Data extract
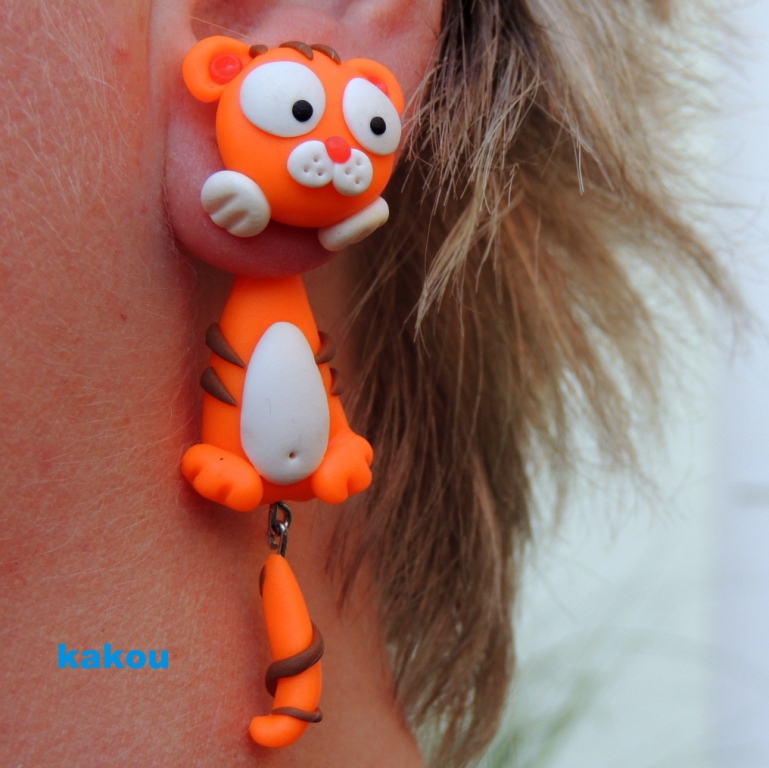 náušnice skrz ucho - tygřík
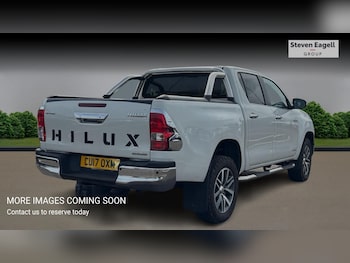 Used Toyota Hilux 2017 for sale - 78307304: Photo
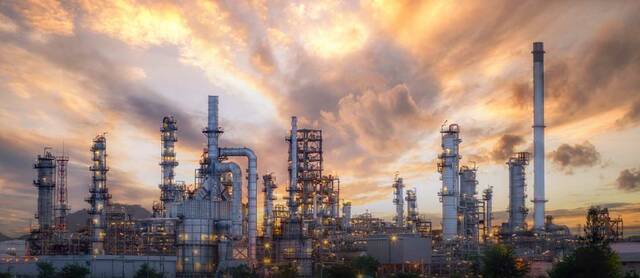 حقول نفط في الإمارات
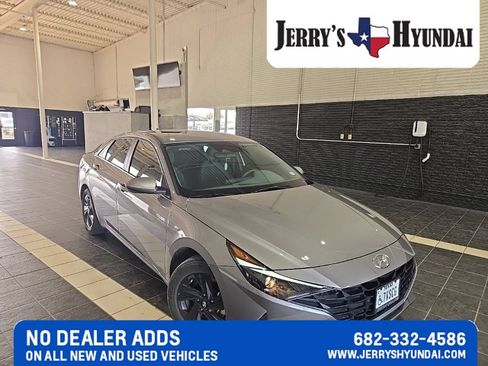Certified 2023 Hyundai Elantra SEL FWD image 4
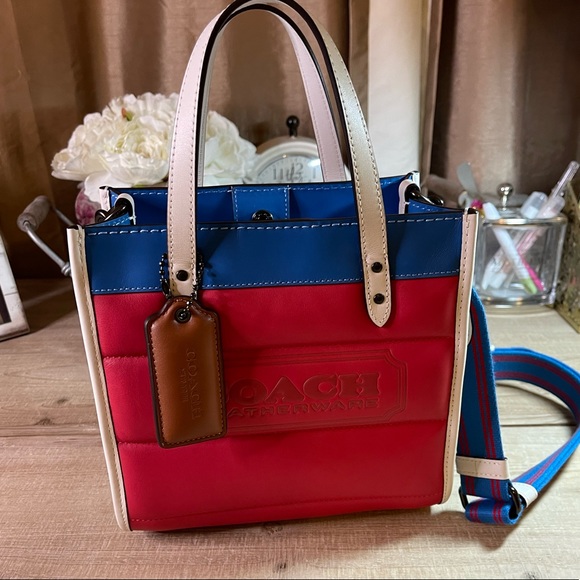 Coach Field Tote 22 With Colorblock Quilting And Coach Badge - Picture 2 of 16
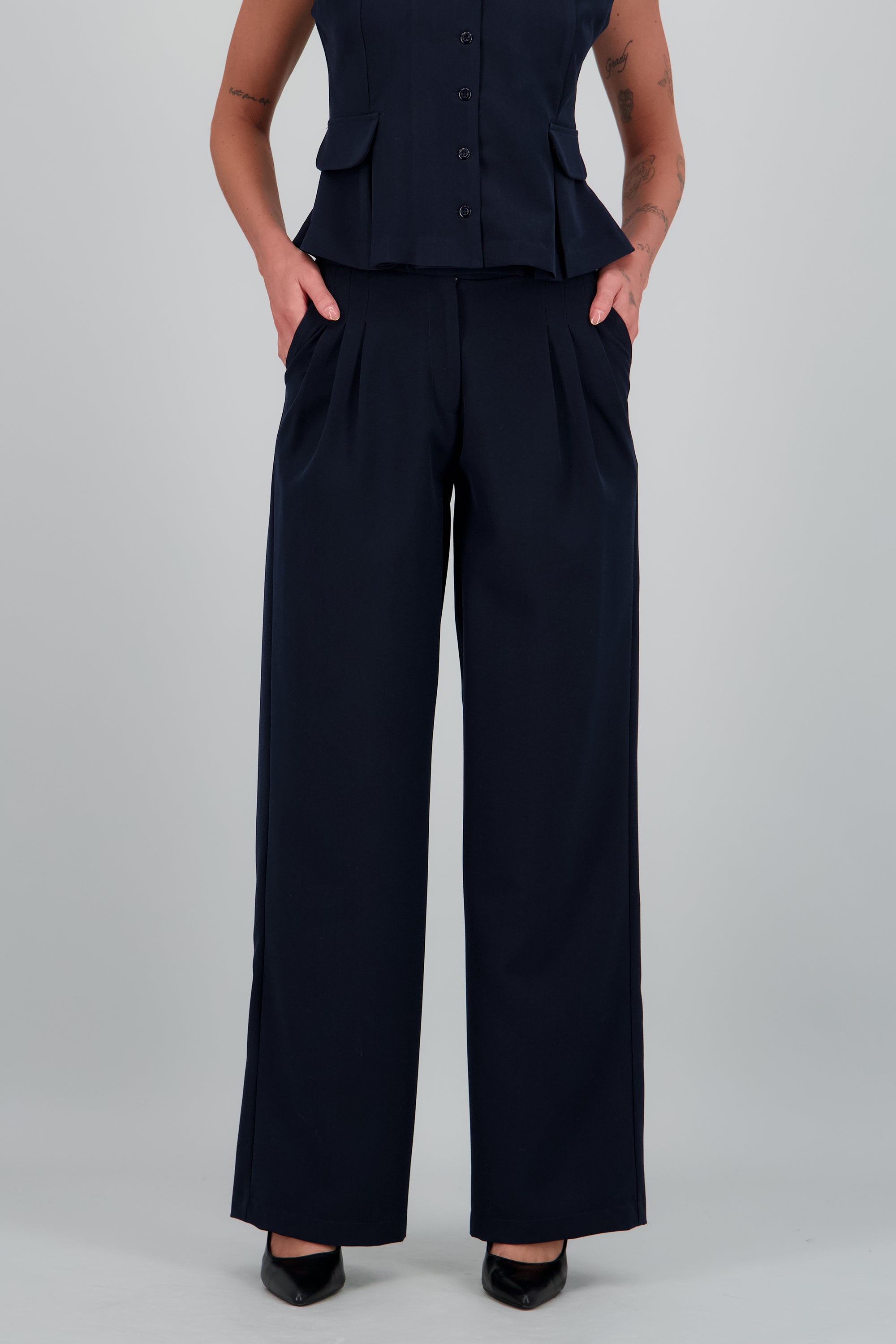 pantalon tiro medio detalle pinzas MARINO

Description of the task
Return exactly the lines starting at the line with "Used Toyota Hilux" and ending at the last line of the listing, both ends included; pictures are to be left out.

Reply to the task
 Used Toyota Hilux 2017 for sale - 78307304: Photo
 حقول نفط في الإمارات
Certified 2023 Hyundai Elantra SEL FWD image 4
 Coach Field Tote 22 With Colorblock Quilting And Coach Badge - Picture 2 of 16
 pantalon tiro medio detalle pinzas MARINO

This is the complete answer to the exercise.